Однако до этого ему было жаловано пространство между Мойкой и Большой Морской улицей, где раньше стоял зимний дворец Елизаветы Петровны.
Жаловано оно было полицмейстеру для строительства. И, начатое 1768 году строительство четырехэтажного было закончено в 1771-ем. Архитектор неизвестен, и историки называют Валлен-Деламота, и архитектора Квасова, и архитектора Фельтена. Хозяин жил на третьем этаже, на первым находились магазины, а прочие помещения сдавались в наём. Затем умер Чичерин, а лет ему было при кончине было пятьдесят восемь.
Нёс свои колонны дом через века, мелькали в подъезде Радищев и Фонвизин. Жил там и Грибоедов. Открылся и исчез Музыкальный клуб. Граф Куракин владел домом, некоторое время наполняли его помещения страшные мысли графа Палена, ну а затем им владели братья Елисеевы — Григорий и Степан.

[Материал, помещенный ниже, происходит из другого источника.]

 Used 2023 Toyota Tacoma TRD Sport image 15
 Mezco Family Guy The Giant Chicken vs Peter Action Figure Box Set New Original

А вот как пробежали невским революционные солдаты и матросы, жизнь дома переменилась.
И вот в бывшем доме генерала-полицмейстера обосновался Дом Искусств.
Половина русской литературы, если не три четверти жила в Доме Искусств, пока история его не кончилась в году тысяча девятьсот двадцать третьем с Рождества Христова.
Десятки книг были написаны в тесных комнатах четвёртого этажа.
Юрий Анненков написал про это вот что: «1920 год. Эпоха бесконечных голодных очередей, «хвостов» перед пустыми продовольственными распределителями», эпическая эра гнилой промёрзшей падали, заплесневелых хлебных корок и несъедобных суррогатов. Французы, пережившие четырёхлетнюю нацистскую оккупацию, привыкли говорить говорить об этих годах как о годах голода и тяжёлых нехваток. Я тоже провёл это время в Париже: немного меньшее количество одних продуктов, несколько худшее качество других, поддельный, но всё же ароматный кофе, чуть сокращённая электрическая энергия, чуть сокращённое пользование газом. Никто не умирал на обледенелых тротуарах от голода, никто не рвал на части палых лошадей, никто не ел ни собак, ни кошек, ни крыс.
В этом страшном 1920 году Виктор Шкловский, тогда убеждённый и бурный защитник футуризма и вообще «формализма» в искусстве, обнищавший с красным носом (красным от холода), и с распухшими красными веками (красными и распухшими от голода), изобразил со свойственной ему яркостью в статье «Петербург в блокаде» этот период петербургской жизни».
Самого Шкловского Анненков изобразил на знаменитом портрете, который отчего-то даже при наличии возможности цвета, репродуцируется в чёрно-белом виде. Про эти работы Анненкова Корней Чуковский писал: «Он пишет портрет Тихонова за пуд белой муки, но Тихонов еще не дал ему этого пуда. По окончании заседания он подозвал меня к себе, увел в другую комнату — и показал неоконченный акварельный портрет Шкловского (больше натуры — изумительно схвачено сложное выражение глаз и губ, присущее одному только Шкловскому)».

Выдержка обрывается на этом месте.